Task description
Print exactly and only the lines that run from the one containing "Motel Rocks Halterneck" through the end of the material, please, omitting pictures.

== Given information

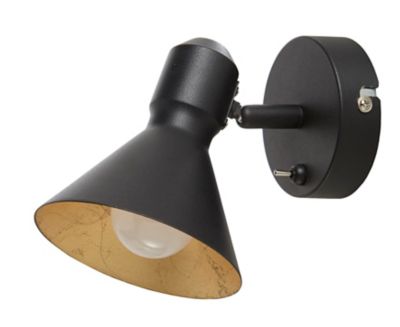 Spot patère Kedros métal noir/or E14 40 W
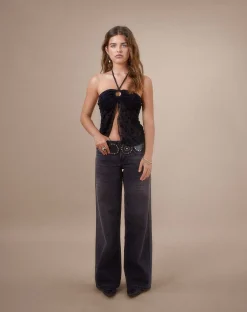 Motel Rocks Halterneck Tops | Crop Tops-Janar Halterneck Top in Black Dainty Floral Flock BlackDaintyFloralFLock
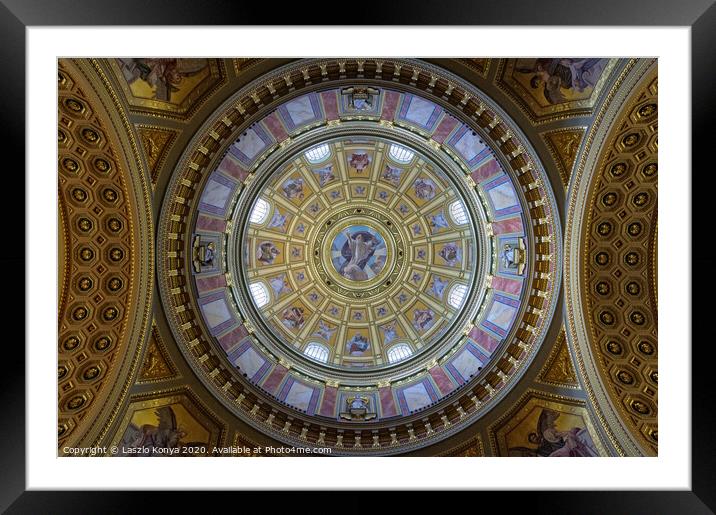 Cupola of St Stephen Basilica - Budapest Framed Mounted Print by Laszlo Konya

====

Task answer
 Motel Rocks Halterneck Tops | Crop Tops-Janar Halterneck Top in Black Dainty Floral Flock BlackDaintyFloralFLock
 Cupola of St Stephen Basilica - Budapest Framed Mounted Print by Laszlo Konya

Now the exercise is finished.